§ **To do**: Retype the records word for word. Skip every image.

[Captioned web images]
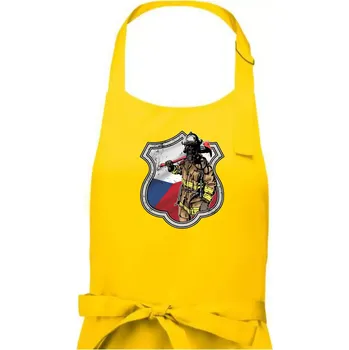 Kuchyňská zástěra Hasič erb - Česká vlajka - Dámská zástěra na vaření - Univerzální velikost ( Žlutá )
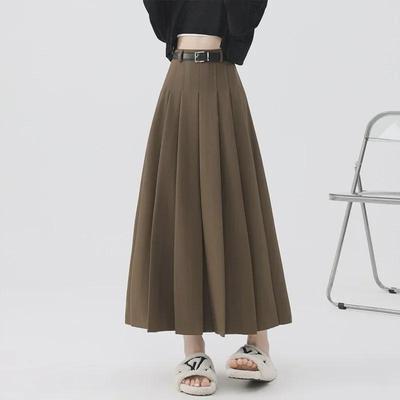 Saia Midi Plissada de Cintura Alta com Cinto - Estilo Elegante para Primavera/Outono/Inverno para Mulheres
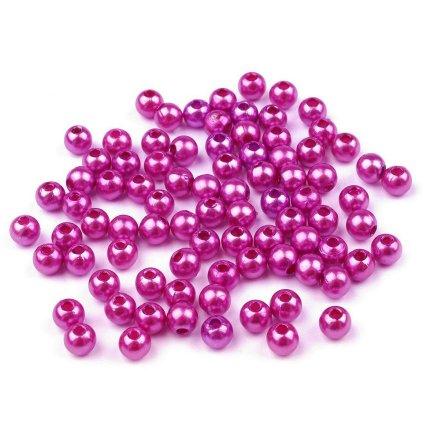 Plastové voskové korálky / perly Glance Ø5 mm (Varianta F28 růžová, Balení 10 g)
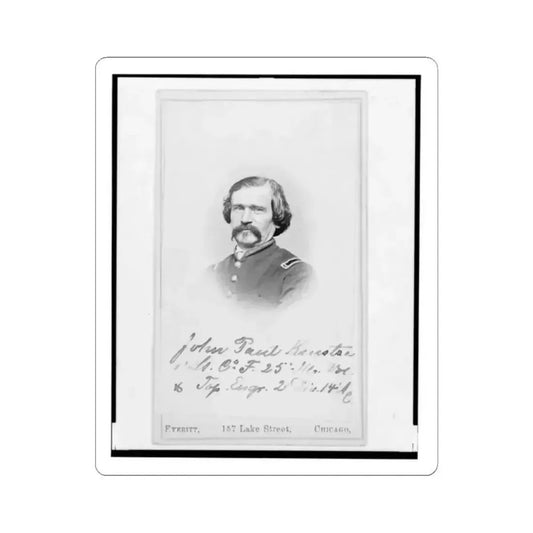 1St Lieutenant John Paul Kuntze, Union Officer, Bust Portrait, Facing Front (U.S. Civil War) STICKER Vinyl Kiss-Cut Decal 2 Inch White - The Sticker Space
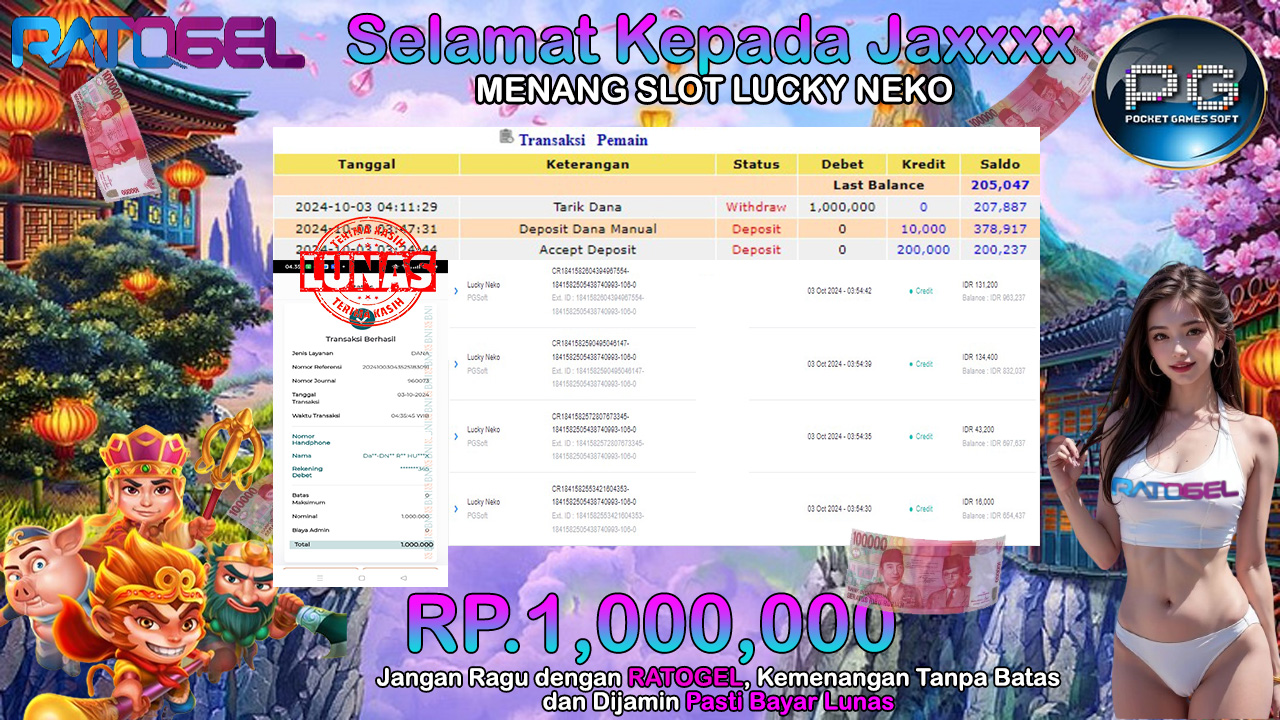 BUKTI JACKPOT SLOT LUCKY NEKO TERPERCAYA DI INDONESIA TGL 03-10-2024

§ **Completed task**:
 Kuchyňská zástěra Hasič erb - Česká vlajka - Dámská zástěra na vaření - Univerzální velikost ( Žlutá )
 Saia Midi Plissada de Cintura Alta com Cinto - Estilo Elegante para Primavera/Outono/Inverno para Mulheres
 Plastové voskové korálky / perly Glance Ø5 mm (Varianta F28 růžová, Balení 10 g)
 1St Lieutenant John Paul Kuntze, Union Officer, Bust Portrait, Facing Front (U.S. Civil War) STICKER Vinyl Kiss-Cut Decal 2 Inch White - The Sticker Space
 BUKTI JACKPOT SLOT LUCKY NEKO TERPERCAYA DI INDONESIA TGL 03-10-2024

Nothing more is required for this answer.